The celebrated poet and lyricist was in the city to conduct a script-writing workshop organised by Katha that promotes literature, and distribute awards to outstanding writers, editors and translators in eight Indian languages.
Proclaims the poet, "When it comes to food, I am absolutely parochial. In whatever part of the globe I go, I prefer Indian food. And if it is Lucknawi speciality, from where I hail, to kya kahne," a mischievous smile plays on his face as he orders goshtaba, gilaouti kabab, Kakori kabab and plain naan to begin with. Waiting for his share to arrive, Akhtar continues, "It is not that I don't enjoy food from other countries but I eat to my fill only if it is Indian food. When I eat food other than Indian, I think chalo aaj ye bhi khaye. For me, they are stand-byes. Once I went to a small town in Scotland. I didn't like the native food there. So every morning I would hunt for an Indian restaurant. It took me two years to hunt for an Indian restaurant there in my 10 times visit to that country in 10 years. The day I found it, I can't tell you how happy I was. That day, I ate a lot, maine khoob khaya... " smilingly recalls the poet. The smile soon grows wider as he sees his favourite goshtaba reaching his table at this restaurant which he says is his favourite in Delhi as it overlooks the city's monuments and is enveloped in saffron and green colour to give it a patriotic flavour.

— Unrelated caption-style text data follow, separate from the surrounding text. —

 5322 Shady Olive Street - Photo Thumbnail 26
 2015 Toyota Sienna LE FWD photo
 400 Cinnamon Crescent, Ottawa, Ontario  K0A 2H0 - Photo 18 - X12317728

Caring little about the people sitting around stealing a glance at the celebrated writer from Salim-Javed duo who gave Amitabh Bachchan the perennial `Angry Man' image with Zanjeer in the early 1970s, he suddenly adds, "And I love that food which is convenient to eat. Eating shouldn't seem like a job. Take for instance, crab! Arre kitni mehnat karni padhti hai use khane main! It is hard, it is cumbersome and it needs those knives and forks and blah blah to cut. By the time you consume it, half of your hunger is gone," he complains secretively like a child not willing to take his glass of milk. "Look at this kakori kabab. How soft! It melts in the mouth. You don't need sharp knives to cut it... " he adds as he gulps them with great fondness.
Akhtar, who "never tried to cook", never leaves a morsel on his plate. "I always remember the times when I came to Mumbai decades ago for a foothold as a writer in the filmdom. It was the time when I could barely manage to eat with my meagre income. Now, whenever I see lots of food on my table, I always recall those tough times and thank Allah for these days."

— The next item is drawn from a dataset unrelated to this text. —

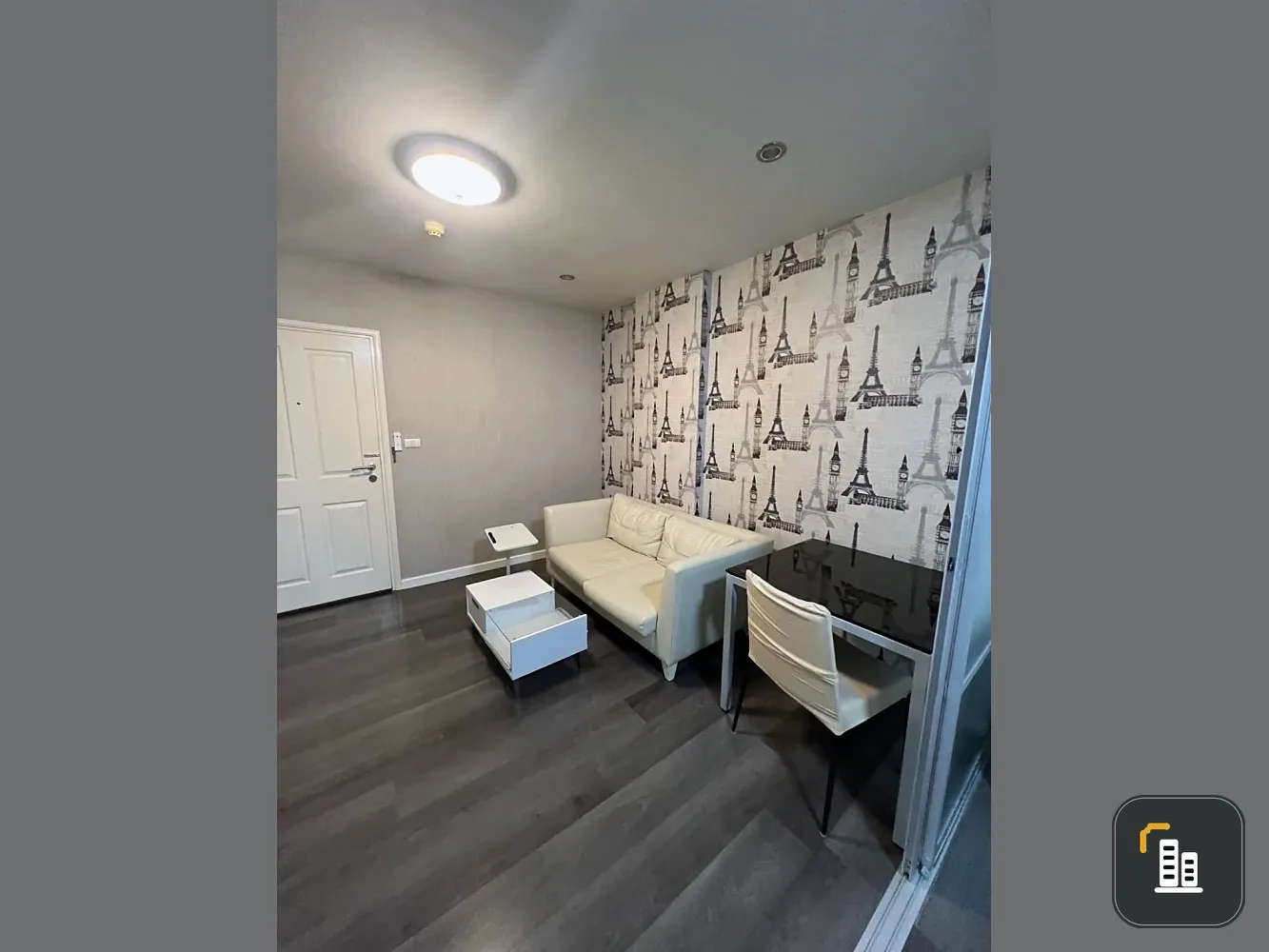 For sale: D Condo Campus Resort Bangsean, 1 bedroom, 1 bathroom, fully furnished, with nice wallpaper. Reserve now!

As murgh khurchan, tandoori and steam rice arrive on his table, without any affectation, he keeps his fork and spoon aside and prefers to eat with hand. Chawal khane ka maza hath se hai... " he smiles. Switching over to malpua with rabri for a dessert, Javed who is ready with his lyrics in his forthcoming films Kabhi Alvida Na Kahna and Umrao Jaan, doesn't mind switching over the topic to films as one asks him about the remake spree. His son Farhan is remaking Don.

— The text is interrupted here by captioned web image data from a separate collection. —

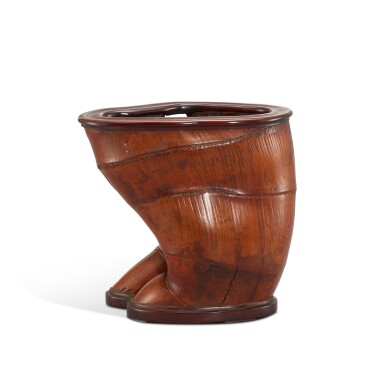 View full screen - View 1 of Lot 524. A natural-form bamboo brushpot, Qing dynasty 清 竹雕隨形筆筒.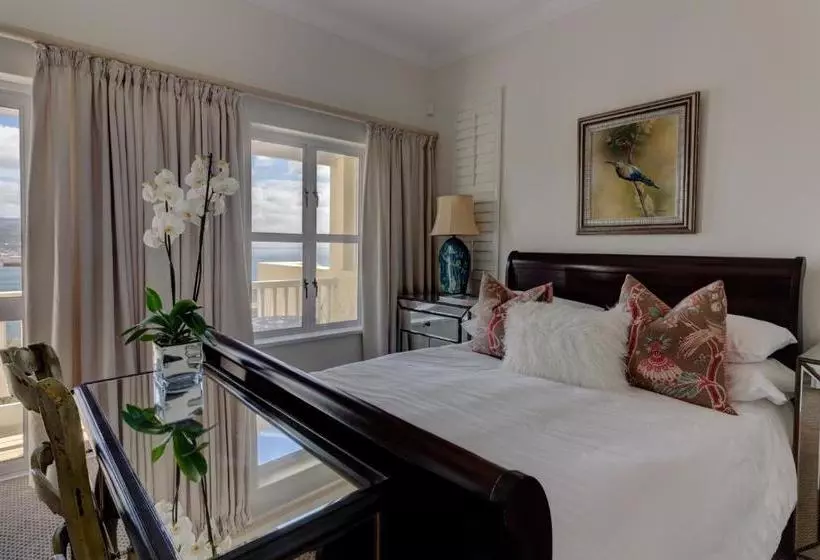 Majatalo Penguin Palace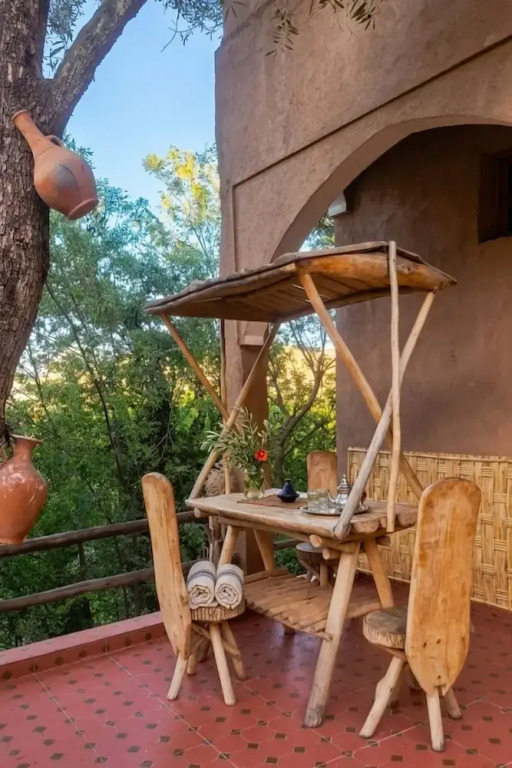Ouberge loassis house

"There is no blanket rule for not remaking a film. There is a lot of room for improvisation in remakes. See the very first Devdas was made by one (Pramatesh) Baruah. Bimal Roy remade it. Ten Commandments has been remade in almost all popular languages. The first Don was made on a modest budget. This time, not only the budget is big but also, there is a twist in the film," he reveals while admitting in the same breath that vanilla ice cream is his weakness among desserts.
As he finishes this dessert, he concludes with a naughty smile to an amused waiter, Badhiya hai! Wonderful, indeed!